Besonders eklatant ist laut Daniel Schönherr vom Institut Sora die Unzufriedenheit in zwei Gruppen: bei den Hochschulabsolventen und bei jenen mit Pflichtschulabschluss. Unter den Akademikern ist der Arbeitsklima-Index im Vergleich zum Vorjahr am stärksten zurückgegangen. Vor allem in der Altersgruppe der 26- bis 35-Jährigen ist die Stimmung mies.
Zwar glauben noch rund zwei Drittel, eine Perspektive auf dem Arbeitsmarkt zu haben. Doch mit ihren Aufstiegs-und Entwicklungsmöglichkeiten sind nur noch 38 Prozent der Jüngeren zufrieden. 2010 waren es immerhin noch 64 Prozent. Damit schätzen die Jungen ihre Lage in etwa so schlecht ein wie ältere Akademiker ab 46 Jahren. Die Gruppe der 36- bis 45-Jährigen zeichnet zwar ein etwas besseres Bild – doch unter dem Strich sind mehr als die Hälfte (53 Prozent) der Beschäftigten mit Studienabschluss unzufrieden, was ihre Karrieremöglichkeiten betrifft.
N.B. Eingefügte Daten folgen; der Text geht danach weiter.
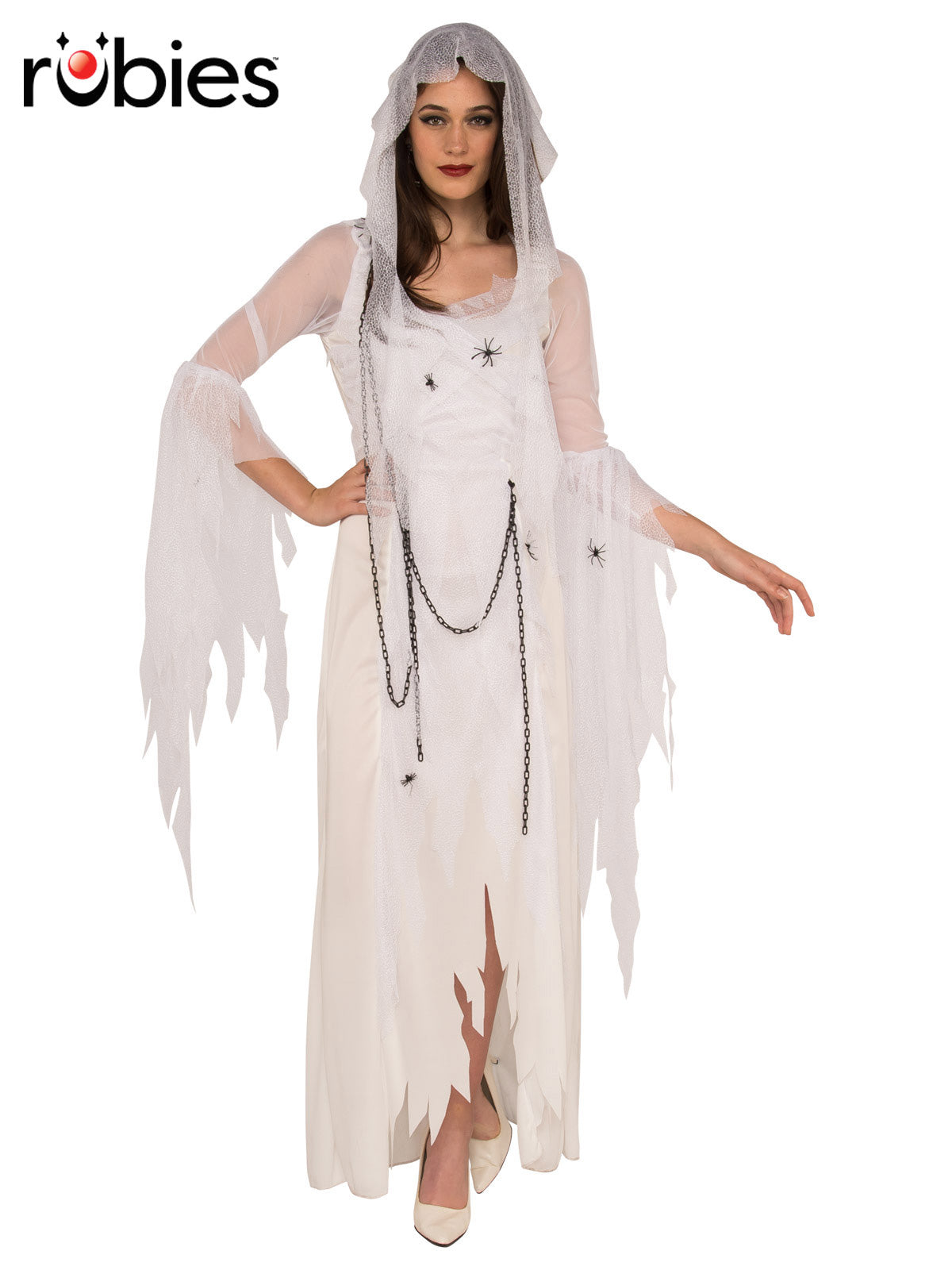Ghostly Spirit Women's Halloween Costume with White Tattered Dress Veil Spiders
Schönherr zufolge hat das mehrere Gründe: Unter anderem würden etwa Mediziner oder Geisteswissenschaftler nicht jene Stellen vorfinden, die man ihnen zehn Jahre zuvor versprochen habe. Zum anderen würden viele Akademiker unter ihrer Qualifikation arbeiten. Die Absolventen kämen folglich zu der Einsicht, dass der Arbeitsmarkt sie nicht mit offenen Armen empfange, sagt Schönherr. Und das frustriert. Das Bauchgefühl der Akademiker trügt dabei nicht. Denn die Zahl der arbeitslosen Hochschulabsolventen ist absolut gesehen zwar gering, doch die Zuwachsrate war gegenüber dem allgemeinen Anstieg der Arbeitslosigkeit deutlich höher. Anfang 2015 waren beispielsweise 20 Prozent mehr Akademiker auf der Suche nach einem Job als noch ein Jahr zuvor.
Zeitdruck belastet
Auch unter den Pflichtschulabsolventen ist das Bild trist. Die Stimmung ist hier auf einen neuen Tiefstand gefallen – wenngleich Geringqualifizierte ihre Lage stets pessimistischer einschätzen. So glaubt beispielsweise nur ein Drittel daran, leicht einen neuen Posten zu finden. Das heißt umgekehrt aber auch: 65Prozent schätzen ihre Aussichten auf eine neue Beschäftigung schlecht ein.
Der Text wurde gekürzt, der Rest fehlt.